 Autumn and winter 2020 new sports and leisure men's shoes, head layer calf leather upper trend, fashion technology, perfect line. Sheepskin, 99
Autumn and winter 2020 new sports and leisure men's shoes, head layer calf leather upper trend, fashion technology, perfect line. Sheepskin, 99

# # # # # # #

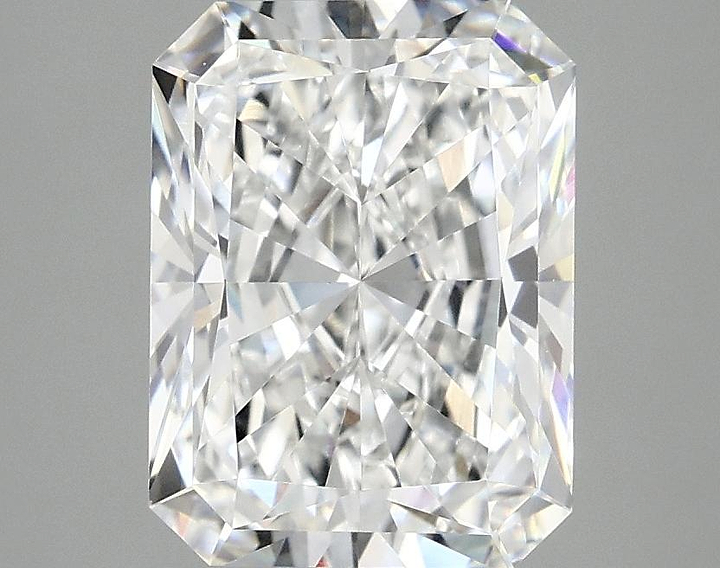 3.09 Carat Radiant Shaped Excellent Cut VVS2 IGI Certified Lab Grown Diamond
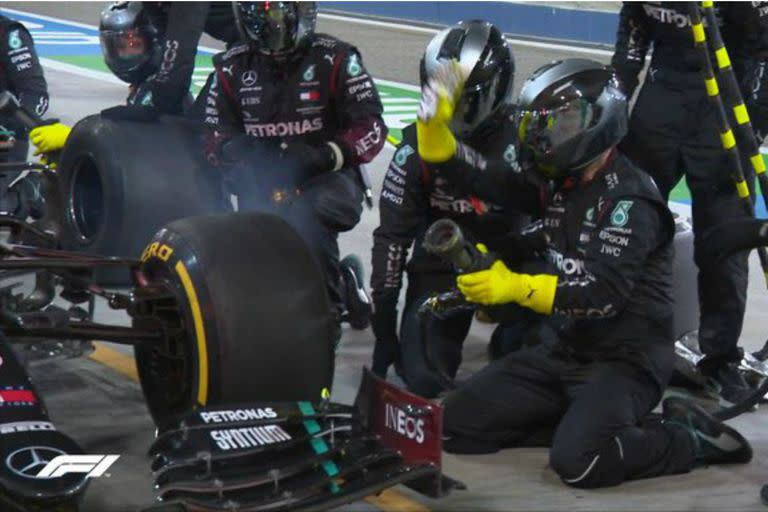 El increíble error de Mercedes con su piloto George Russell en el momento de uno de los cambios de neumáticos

# # # # # # #

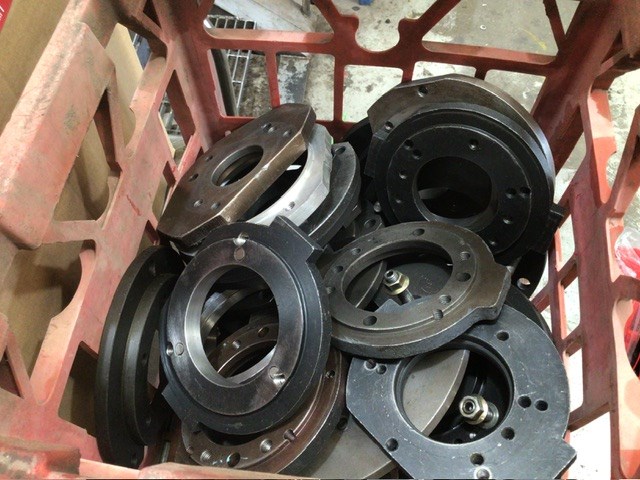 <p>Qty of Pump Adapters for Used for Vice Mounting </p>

# # # # # # #

The answer must be every line of the data that holds the word "perfect".

RESULT OF THIS EXERCISE »
 Autumn and winter 2020 new sports and leisure men's shoes, head layer calf leather upper trend, fashion technology, perfect line. Sheepskin, 99
Autumn and winter 2020 new sports and leisure men's shoes, head layer calf leather upper trend, fashion technology, perfect line. Sheepskin, 99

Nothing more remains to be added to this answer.